While the sinking air keeps clouds from forming,
it doesn’t always bring completely clear skies.
Sometimes, the high pressure can trap pollution,
which can create low visibility in haze.
These eight rules, of course, won’t enable you
to understand everything about the weather, but with
them you are ready to see how storms and other
weather phenomena work. As you watch weather reports
on TV or read them in a newspaper, you’ll have a
better understanding of how global weather patterns
affect your local weather.
For instance, warming the air at the Earth’s
surface is one way to make it rise, but it’s not the
only way. Thunderstorms and hurricanes depend on
warm, humid air rising from the surface. This is why
thunderstorms are most common in the spring and
summer when the ground is being warmed. It’s why
hurricanes form only over warm water.
Other storms are much more complicated, with
various factors causing air to rise in areas of low
pressure. These are related to the movements of
upper atmospheric winds.

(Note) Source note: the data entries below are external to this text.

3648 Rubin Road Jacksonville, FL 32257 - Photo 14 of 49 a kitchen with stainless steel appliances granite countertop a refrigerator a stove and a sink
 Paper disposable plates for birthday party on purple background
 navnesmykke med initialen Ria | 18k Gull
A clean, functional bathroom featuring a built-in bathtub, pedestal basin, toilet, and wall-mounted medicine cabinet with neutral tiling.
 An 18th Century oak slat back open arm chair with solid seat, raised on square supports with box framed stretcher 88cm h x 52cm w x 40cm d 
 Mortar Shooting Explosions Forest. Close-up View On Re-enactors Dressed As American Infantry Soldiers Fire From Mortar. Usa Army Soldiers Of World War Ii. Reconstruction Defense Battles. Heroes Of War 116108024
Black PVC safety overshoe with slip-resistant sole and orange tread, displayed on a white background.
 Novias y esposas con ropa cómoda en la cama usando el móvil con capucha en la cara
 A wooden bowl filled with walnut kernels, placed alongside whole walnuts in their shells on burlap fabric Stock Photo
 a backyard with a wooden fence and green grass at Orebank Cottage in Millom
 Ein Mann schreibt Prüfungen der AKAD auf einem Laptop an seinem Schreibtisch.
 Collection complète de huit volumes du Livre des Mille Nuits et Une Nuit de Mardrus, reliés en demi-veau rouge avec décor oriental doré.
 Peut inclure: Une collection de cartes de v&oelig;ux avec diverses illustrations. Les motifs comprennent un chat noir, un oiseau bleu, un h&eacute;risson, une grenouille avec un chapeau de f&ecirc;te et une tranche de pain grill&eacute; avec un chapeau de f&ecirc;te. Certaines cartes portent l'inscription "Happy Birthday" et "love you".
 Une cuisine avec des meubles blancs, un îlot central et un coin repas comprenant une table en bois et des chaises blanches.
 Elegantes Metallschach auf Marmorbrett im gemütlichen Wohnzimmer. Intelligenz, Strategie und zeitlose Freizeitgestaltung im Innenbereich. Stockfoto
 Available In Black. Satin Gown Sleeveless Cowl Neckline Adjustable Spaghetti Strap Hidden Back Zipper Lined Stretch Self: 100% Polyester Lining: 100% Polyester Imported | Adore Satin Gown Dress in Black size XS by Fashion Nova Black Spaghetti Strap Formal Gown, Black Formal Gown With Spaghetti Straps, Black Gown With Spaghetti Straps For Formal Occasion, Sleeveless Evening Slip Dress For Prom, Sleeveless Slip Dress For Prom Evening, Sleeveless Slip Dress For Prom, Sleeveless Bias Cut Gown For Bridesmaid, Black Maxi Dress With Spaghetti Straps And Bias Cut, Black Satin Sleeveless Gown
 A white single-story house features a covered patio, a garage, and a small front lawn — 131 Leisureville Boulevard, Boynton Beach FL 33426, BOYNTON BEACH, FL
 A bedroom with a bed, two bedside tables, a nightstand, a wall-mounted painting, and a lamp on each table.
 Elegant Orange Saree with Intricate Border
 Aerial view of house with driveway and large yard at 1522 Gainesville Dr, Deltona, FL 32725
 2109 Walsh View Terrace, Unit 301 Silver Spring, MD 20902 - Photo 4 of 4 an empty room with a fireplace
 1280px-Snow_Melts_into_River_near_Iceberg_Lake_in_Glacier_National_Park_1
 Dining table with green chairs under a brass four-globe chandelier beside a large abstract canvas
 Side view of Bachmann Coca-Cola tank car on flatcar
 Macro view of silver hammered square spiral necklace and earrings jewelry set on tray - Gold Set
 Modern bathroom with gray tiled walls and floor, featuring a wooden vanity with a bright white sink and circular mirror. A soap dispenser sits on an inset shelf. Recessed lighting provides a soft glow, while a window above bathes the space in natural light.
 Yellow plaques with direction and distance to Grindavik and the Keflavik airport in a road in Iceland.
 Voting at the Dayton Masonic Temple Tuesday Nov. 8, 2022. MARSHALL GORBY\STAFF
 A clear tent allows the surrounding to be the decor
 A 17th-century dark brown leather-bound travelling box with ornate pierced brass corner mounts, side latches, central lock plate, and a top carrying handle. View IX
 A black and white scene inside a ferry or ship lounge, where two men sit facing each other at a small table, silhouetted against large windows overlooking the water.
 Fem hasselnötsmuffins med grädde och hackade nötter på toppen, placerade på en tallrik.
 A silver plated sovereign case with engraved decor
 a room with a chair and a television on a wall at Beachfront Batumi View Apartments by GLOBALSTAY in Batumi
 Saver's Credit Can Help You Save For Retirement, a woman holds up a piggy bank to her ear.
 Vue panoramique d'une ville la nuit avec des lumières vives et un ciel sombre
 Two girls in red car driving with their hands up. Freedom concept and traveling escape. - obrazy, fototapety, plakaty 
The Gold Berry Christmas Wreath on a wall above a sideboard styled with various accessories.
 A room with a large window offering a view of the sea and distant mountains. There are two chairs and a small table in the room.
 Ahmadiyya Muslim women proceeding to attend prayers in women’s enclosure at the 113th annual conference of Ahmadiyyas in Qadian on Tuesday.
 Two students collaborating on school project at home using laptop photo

Upper-air winds, in turn,
can be traced back to the unequal heating of the
Earth’s surface and the global-scale winds that this
sets into motion.
The next time you slip from the sun-heated deck
of a dive boat into the cooler water, you will be
experiencing, on a small scale, the unequal heating
of the Earth’s surface by the sun — the force that
sets all weather, including the fearsome storms,
into motion.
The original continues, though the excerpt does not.